Data Protection and Information Lifecycle Management

 < Day Day Up > 

General backup software makes copies of data either by opening a file and copying the bytes out of it or by transferring raw blocks of data from a disk to a backup media. In either case, general backup is a binary copy. In the event of catastrophic failure of the object, such as corruption of the volume or a disk crash, the entire object can be recovered from the backup medium and the object restored to its state as of the last backup. This is called an image copy.

This creates problems for multielement, structured objects such as databases, e-mail systems, and similar applications. The elements inside structured objects are unknown to the general backup software. A database, for example, is copied to the backup media as a file or volume (depending on how it is implemented). It can be restored only as that type of object.

What if the event is not a catastrophic one? Perhaps a critical table was accidentally deleted, and the database is unusable. An important e-mail may have been deleted and needs to be recovered. It would be unacceptable to return an e-mail or database system to a day-old state, losing all changes that have occurred since then, just to retrieve a single element.
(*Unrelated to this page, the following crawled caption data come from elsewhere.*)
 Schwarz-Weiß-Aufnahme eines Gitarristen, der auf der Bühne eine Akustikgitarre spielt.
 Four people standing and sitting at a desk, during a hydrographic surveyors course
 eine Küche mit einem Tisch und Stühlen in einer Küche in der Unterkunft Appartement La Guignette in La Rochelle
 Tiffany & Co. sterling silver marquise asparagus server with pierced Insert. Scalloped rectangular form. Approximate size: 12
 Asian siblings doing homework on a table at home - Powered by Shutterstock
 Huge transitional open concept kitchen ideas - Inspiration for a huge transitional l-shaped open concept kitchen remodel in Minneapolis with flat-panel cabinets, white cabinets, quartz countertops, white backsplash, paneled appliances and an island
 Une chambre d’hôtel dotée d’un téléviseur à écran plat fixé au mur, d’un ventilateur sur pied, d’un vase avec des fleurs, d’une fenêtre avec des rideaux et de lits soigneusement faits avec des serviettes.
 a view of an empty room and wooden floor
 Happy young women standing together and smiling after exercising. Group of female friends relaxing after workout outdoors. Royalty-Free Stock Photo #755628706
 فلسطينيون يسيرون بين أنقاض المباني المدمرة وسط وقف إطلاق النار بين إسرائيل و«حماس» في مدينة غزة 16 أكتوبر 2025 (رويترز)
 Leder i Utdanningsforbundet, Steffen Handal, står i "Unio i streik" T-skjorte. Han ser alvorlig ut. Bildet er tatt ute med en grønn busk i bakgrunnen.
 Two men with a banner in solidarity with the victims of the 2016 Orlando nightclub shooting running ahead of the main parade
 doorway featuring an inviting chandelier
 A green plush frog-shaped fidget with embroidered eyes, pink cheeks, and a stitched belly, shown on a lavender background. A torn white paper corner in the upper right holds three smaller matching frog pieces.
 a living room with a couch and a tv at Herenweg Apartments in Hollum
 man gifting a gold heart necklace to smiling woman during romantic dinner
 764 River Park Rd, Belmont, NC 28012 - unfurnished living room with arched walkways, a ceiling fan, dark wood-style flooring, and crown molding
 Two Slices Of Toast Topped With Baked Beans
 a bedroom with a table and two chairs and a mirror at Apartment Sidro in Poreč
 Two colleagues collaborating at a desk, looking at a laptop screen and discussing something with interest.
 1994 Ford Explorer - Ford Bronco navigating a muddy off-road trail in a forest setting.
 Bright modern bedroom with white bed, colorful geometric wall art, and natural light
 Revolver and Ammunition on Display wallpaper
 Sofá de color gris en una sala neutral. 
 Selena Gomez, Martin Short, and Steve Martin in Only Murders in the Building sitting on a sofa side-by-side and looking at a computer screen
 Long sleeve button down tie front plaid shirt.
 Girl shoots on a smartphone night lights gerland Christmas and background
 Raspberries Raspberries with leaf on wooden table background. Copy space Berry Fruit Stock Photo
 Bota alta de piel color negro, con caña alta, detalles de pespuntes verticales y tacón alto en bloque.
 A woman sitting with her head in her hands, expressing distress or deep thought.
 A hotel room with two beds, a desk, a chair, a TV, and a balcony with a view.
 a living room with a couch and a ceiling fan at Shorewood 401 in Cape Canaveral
With image copies, the data is copied precisely, but there is no catalog of the elements within. Individual elements are inaccessible, because the software does not record what is in the structured objects. A Microsoft Exchange Server database can be copied to backup media as a whole volume or a file. General backup software does not know about the e-mails, attachments, contacts, and calendar items that are in the database and, hence, has no way to find them later. When it comes time to restore a single e-mail, the software has no way to reference it.

To alleviate this problem, many applications that use structured data stores have backup software that can catalog the elements within the structured objects. Oracle's Recovery Manager, also known as RMAN, is one such utility. Capable of backing up a database to various media, including disk, it allows for selective restores of database elements.

Most backup software vendors have application-specific versions of their software. They offer versions of their software that catalog internal elements of structured data objects. It is easy to find support for Oracle, Microsoft SQL Server, Microsoft Exchange Server, and IBM's Lotus Notes/Domino, either as a product or as an add-on to the primary backup software.

Structured Object Backup Constraints

Structured data objects have certain constraints that must be taken into account when backing them up. To begin with, many of these objects are outside the normal file system. The server processes that create and manage these objects use direct block I/O to access data on the disk. Subsequently, the normal discovery mechanisms that backup software uses cannot find application data. As far as the backup software is concerned, the data doesn't exist. Luckily, most backup software vendors and applications vendors have add-ons that allow for discovery of these objects. During installation of Microsoft Exchange Server, for example, a new version of the standard Windows backup software that is capable of seeing and backing up the Exchange database is loaded with it.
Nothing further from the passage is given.